Activity: Starting at the top of the entries below, set down every line exactly, please, until you reach the line with "Curie Multicoloured Stripes", which is included too.

Records contained in a dataset:
§

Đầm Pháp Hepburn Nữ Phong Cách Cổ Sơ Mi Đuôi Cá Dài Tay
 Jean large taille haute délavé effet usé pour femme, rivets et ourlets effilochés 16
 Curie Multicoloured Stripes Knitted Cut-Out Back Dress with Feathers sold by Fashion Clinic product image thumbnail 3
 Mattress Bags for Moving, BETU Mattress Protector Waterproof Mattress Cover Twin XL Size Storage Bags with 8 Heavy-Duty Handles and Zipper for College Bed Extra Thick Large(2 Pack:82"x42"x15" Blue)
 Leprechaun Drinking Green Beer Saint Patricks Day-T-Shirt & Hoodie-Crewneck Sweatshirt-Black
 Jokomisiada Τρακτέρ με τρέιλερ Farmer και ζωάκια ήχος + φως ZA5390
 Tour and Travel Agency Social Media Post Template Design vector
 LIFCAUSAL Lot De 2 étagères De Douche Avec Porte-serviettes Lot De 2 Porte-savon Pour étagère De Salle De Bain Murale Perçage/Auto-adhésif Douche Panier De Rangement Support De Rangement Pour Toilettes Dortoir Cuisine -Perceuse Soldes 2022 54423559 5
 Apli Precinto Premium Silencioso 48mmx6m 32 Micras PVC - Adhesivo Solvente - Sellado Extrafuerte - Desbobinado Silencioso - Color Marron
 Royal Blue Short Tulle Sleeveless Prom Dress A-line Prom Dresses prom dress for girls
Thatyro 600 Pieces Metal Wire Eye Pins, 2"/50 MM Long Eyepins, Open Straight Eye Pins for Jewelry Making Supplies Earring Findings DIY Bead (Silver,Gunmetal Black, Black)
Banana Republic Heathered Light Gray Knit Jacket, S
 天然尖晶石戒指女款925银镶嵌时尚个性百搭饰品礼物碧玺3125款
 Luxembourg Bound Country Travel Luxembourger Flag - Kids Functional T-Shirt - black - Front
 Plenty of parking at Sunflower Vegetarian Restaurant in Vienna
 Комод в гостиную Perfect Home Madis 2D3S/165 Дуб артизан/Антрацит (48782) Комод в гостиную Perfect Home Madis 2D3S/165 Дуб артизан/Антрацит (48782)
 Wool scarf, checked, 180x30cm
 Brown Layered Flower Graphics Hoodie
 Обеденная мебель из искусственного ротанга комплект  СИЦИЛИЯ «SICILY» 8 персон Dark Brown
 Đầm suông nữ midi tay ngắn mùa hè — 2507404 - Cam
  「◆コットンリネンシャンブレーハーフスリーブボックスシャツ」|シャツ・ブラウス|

§

Answer space:
Đầm Pháp Hepburn Nữ Phong Cách Cổ Sơ Mi Đuôi Cá Dài Tay
 Jean large taille haute délavé effet usé pour femme, rivets et ourlets effilochés 16
 Curie Multicoloured Stripes Knitted Cut-Out Back Dress with Feathers sold by Fashion Clinic product image thumbnail 3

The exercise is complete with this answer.